◆ Dataset extract:
•••
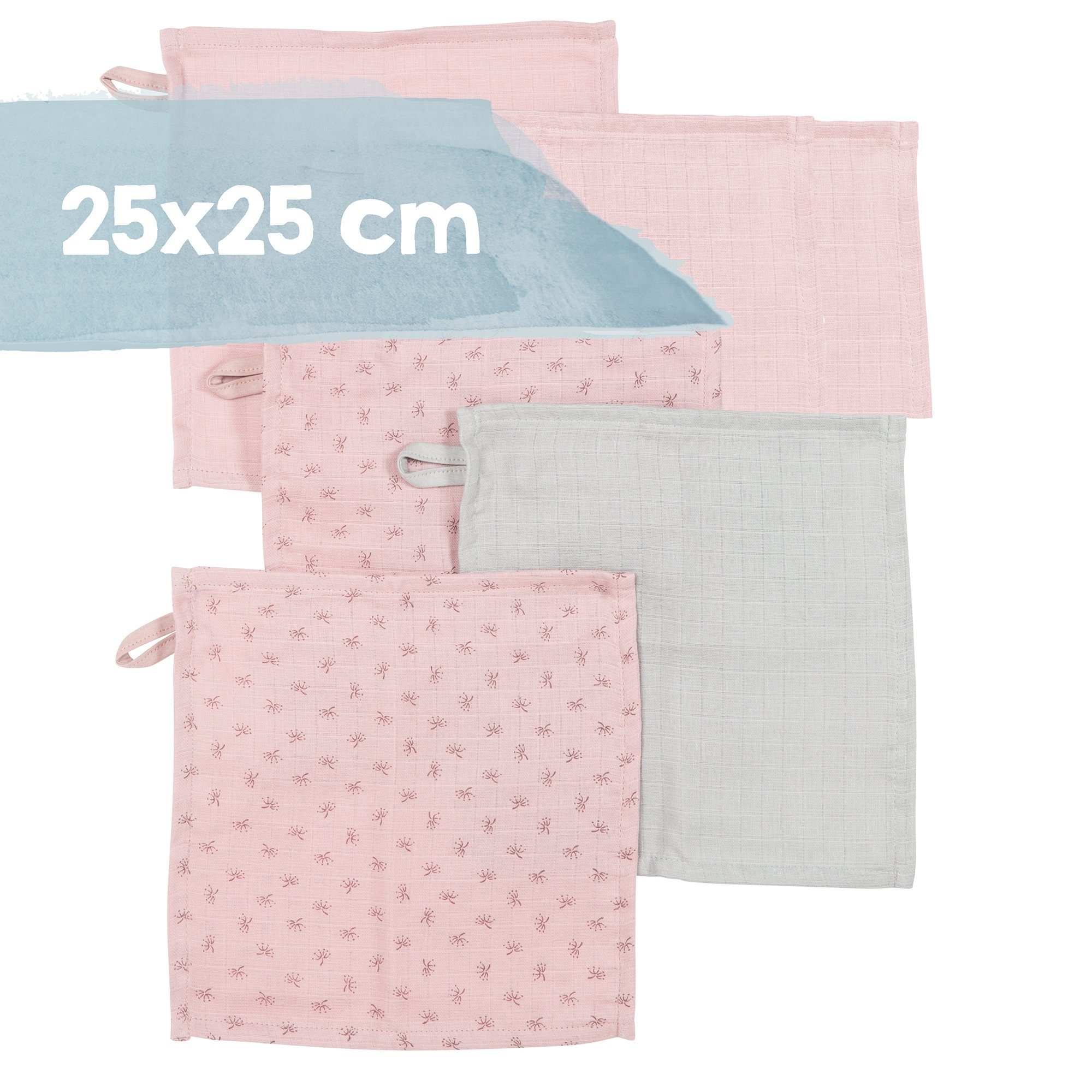 Handtuch, Lil Planet & Decke Waschlappen, Neugeborenen-Geschenkset roba® rosa/mauve Schmusetuch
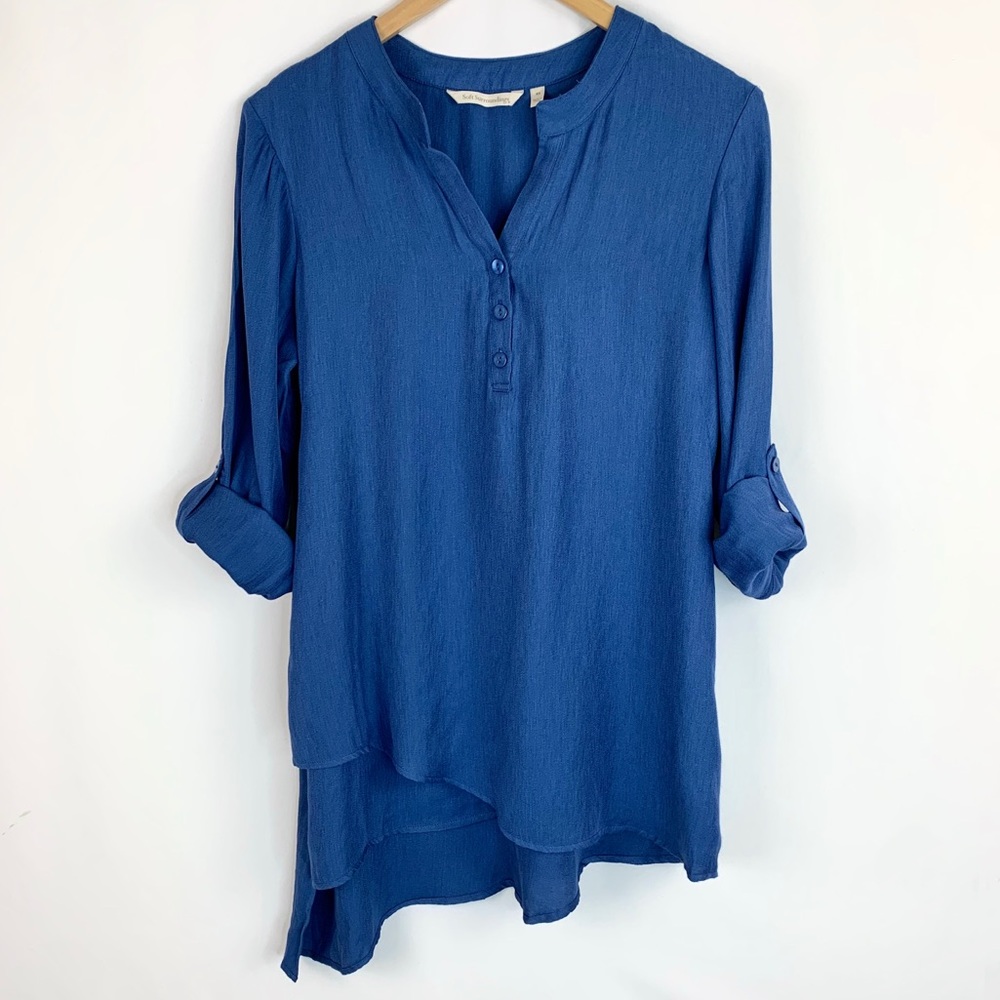 Soft Surroundings Crepe Tunic Top XS V Neck Blouse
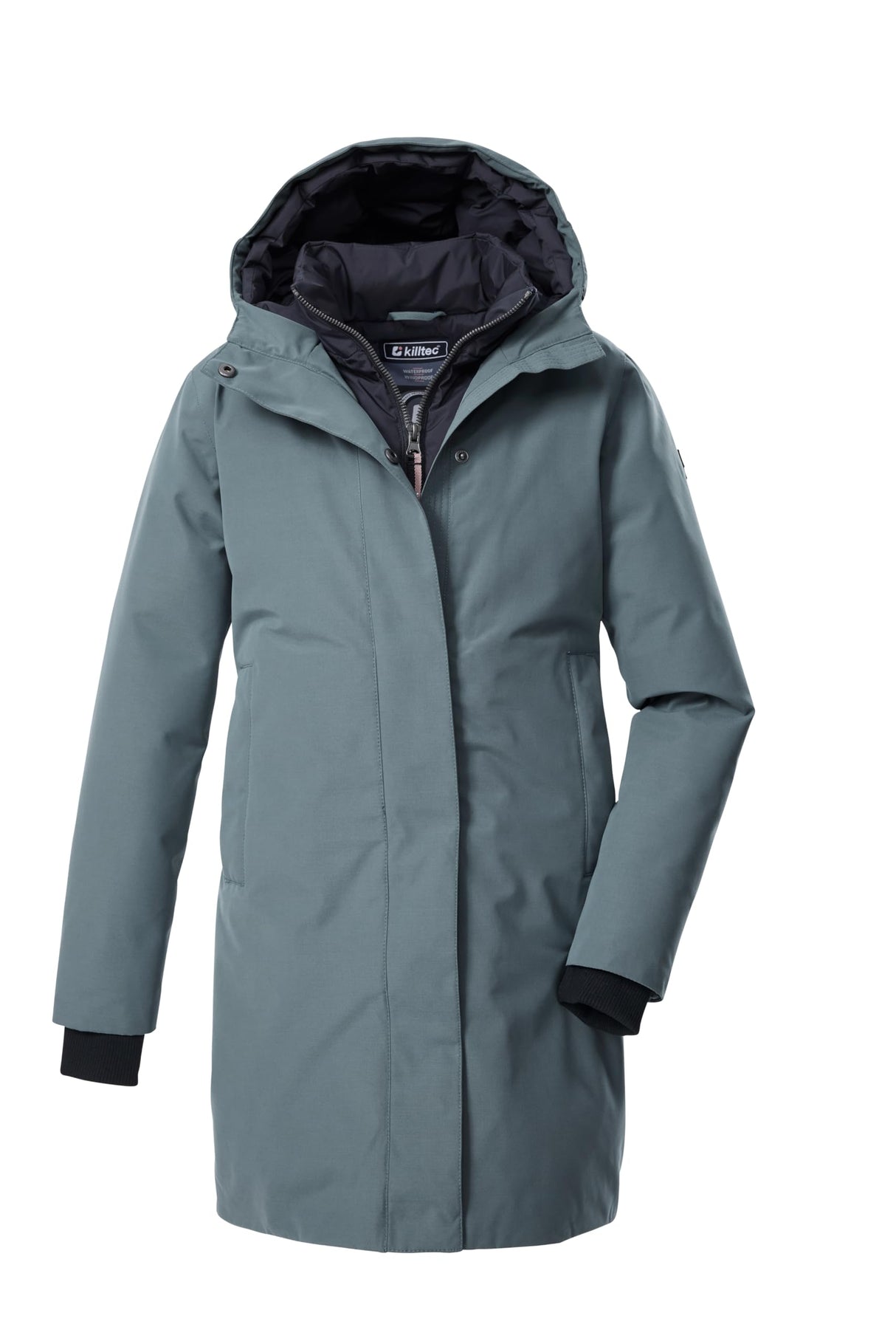 killtec Niñas Parka funcional/parka con capucha en look 2 en 1 KOW 236 GRLS PRK, rauchblau, 176, 43593-000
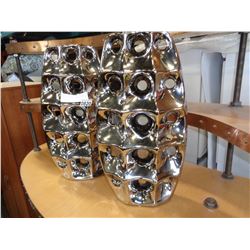 PAIR OF CHROME ABSTRACT VASES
•••
◆ Brief: Copy out exactly, with no pictures, the lines of the data from the first one through the line bearing "killtec Niñas Parka".

◆ Solved problem:
 Handtuch, Lil Planet & Decke Waschlappen, Neugeborenen-Geschenkset roba® rosa/mauve Schmusetuch
 Soft Surroundings Crepe Tunic Top XS V Neck Blouse
 killtec Niñas Parka funcional/parka con capucha en look 2 en 1 KOW 236 GRLS PRK, rauchblau, 176, 43593-000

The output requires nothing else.